The spur gears reducer had a free play of around 2.5mm on the output at a distance of 10cm. Or to be a bit more precise, I used the force meter to apply a particular amount of force on each side and capture the displacement at that point. I took a force of 5N as reference, and I will use it for the other gears type as well.
In this way, I got a total play on the bar of 4.4mm at a distance of 10cm. To express these measurements in backlash unit, arcminutes, first we can calculate the angle of displacement, alpha. We do that with the help of some simple trigonometry, and the angle comes out to be around 2.52 degrees. One arcminute is 1/60th of a degree. So, the backlash of this spur gearbox is around 151 arcminutes.
The helical gearbox had total displacement of around 5.1mm, or translated into arcminutes, that’s 175 arcminutes.
The herringbone gearbox had total displacement of around 4.9mm, or that’s around 168 arcminutes of backlash.
Now these results came out opposite to the first tests.
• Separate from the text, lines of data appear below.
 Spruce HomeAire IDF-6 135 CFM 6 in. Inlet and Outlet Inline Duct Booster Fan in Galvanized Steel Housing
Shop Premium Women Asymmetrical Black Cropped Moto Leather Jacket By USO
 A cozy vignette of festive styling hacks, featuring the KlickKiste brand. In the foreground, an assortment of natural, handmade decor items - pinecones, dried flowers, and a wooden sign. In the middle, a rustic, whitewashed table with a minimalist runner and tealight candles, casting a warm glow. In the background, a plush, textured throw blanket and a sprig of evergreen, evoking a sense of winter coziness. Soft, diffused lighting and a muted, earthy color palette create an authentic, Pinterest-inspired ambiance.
Here, the spur gears showed better backlash results than the other two types. I mean, I can tell a few reasons why that is so. We can notice how the shafts of the gearbox have a little displacement when the force is applied, because they are supported only on one side, and that affects the results.
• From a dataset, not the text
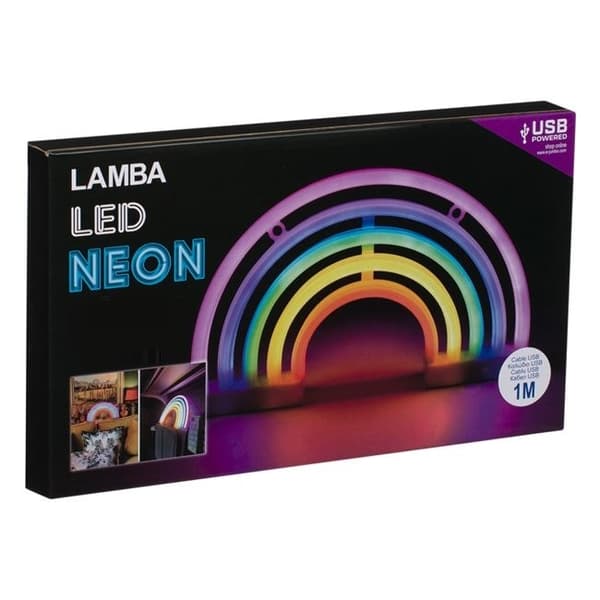 Regnbåge USB LED Neon Yölamppu . 30x18cm_TF 250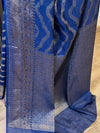 Banarasee Handwoven Semi-Chiffon Saree With Wave Design & Floral Border-Blue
Another thing is that there is some play between the bearings and the gears. It’s actually hard to 3D print parts that will fit perfectly with some mechanical parts. I tried adding some tape to the bearings to tighten that gab and reduce the play.
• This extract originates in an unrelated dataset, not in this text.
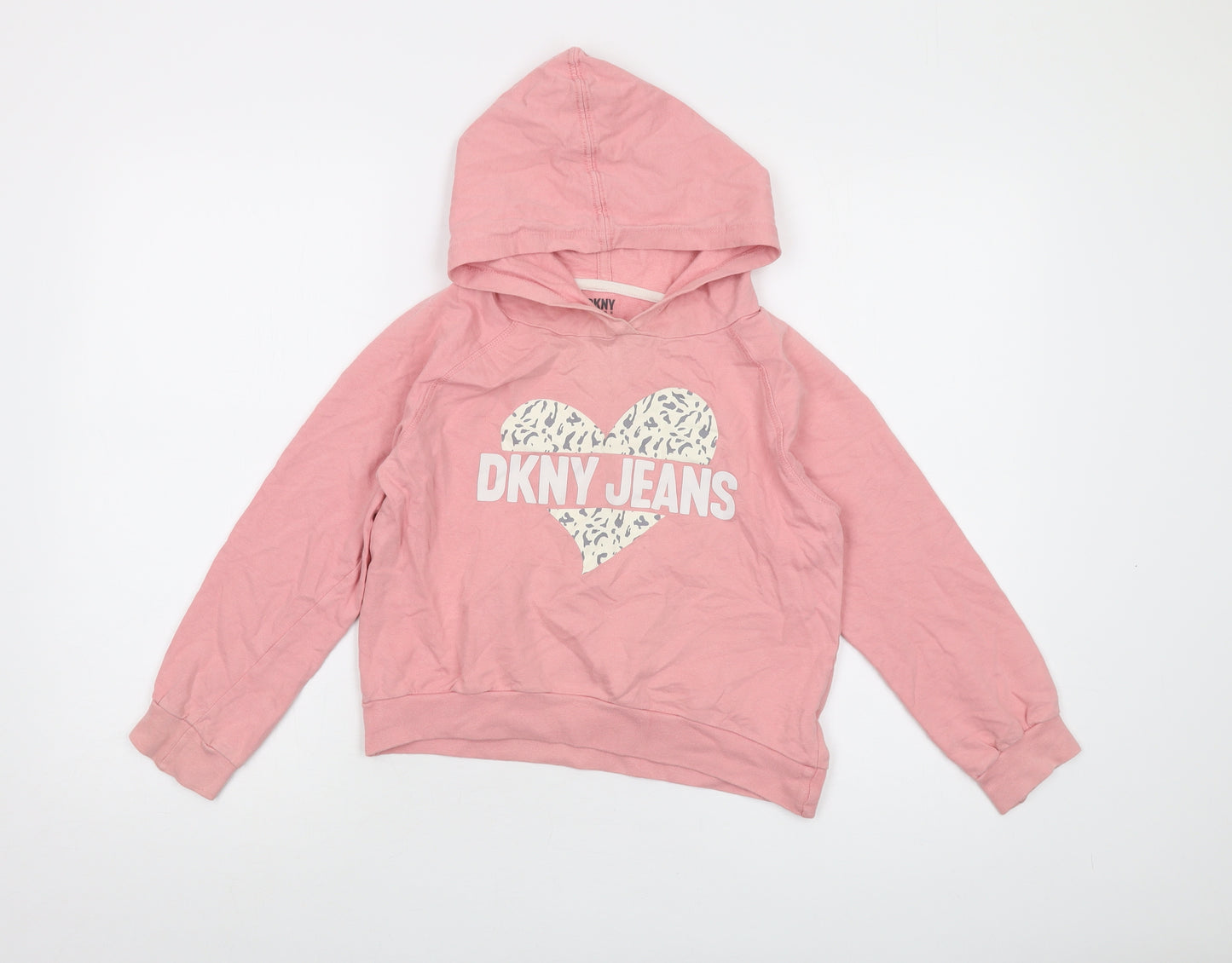 DKNY Girls Pink Cotton Pullover Hoodie Size 8-9 Years Pullover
It helped; the gears got tighter but there is no guarantee they will be the same for each gear. Of course, we can make the holes for the bearings smaller and then insert the bearing into the gear with some force, but that might have a negative effect in terms of efficiency. There is no way the two bearings to be placed precisely on the same axis by using force, and that will cause more resistance when the gear rotates.
Test no.4 – Reducer Efficiency
Anyway, for measuring the efficiencies of the gearbox, I measured how much force or torque the gearbox will produce at the same voltage level of the stepper motor.
With the spur gears, I got a maximum reading of around 32N of force. The helical gearbox maximum force reading was 28N, and for the herringbone gears, 30.4N of force. These results say that the spur gears are the most efficient type, but again, they are all too close.
Which 3D printed gear type is stronger?
Next, for testing the strength of the gears, I’m using my Force meter to pull down a bar attached to the gear at a distance of 20cm and see when the gear will break.
The spur gear broke at 190N of force, or that’s 38Nm of torque. That’s quite a lot, but if we take a closer look at the gear, we can notice that it didn’t fail because of its tooth, rather the inside or the infill of the gear failed.
As I printed every gear with the same filament and slicing settings, I got similar results for each gear type.
The helical gear broke at 213N of force, or 42.6Nm, and the herringbone gear at 152N of force, or 30.4Nm of torque.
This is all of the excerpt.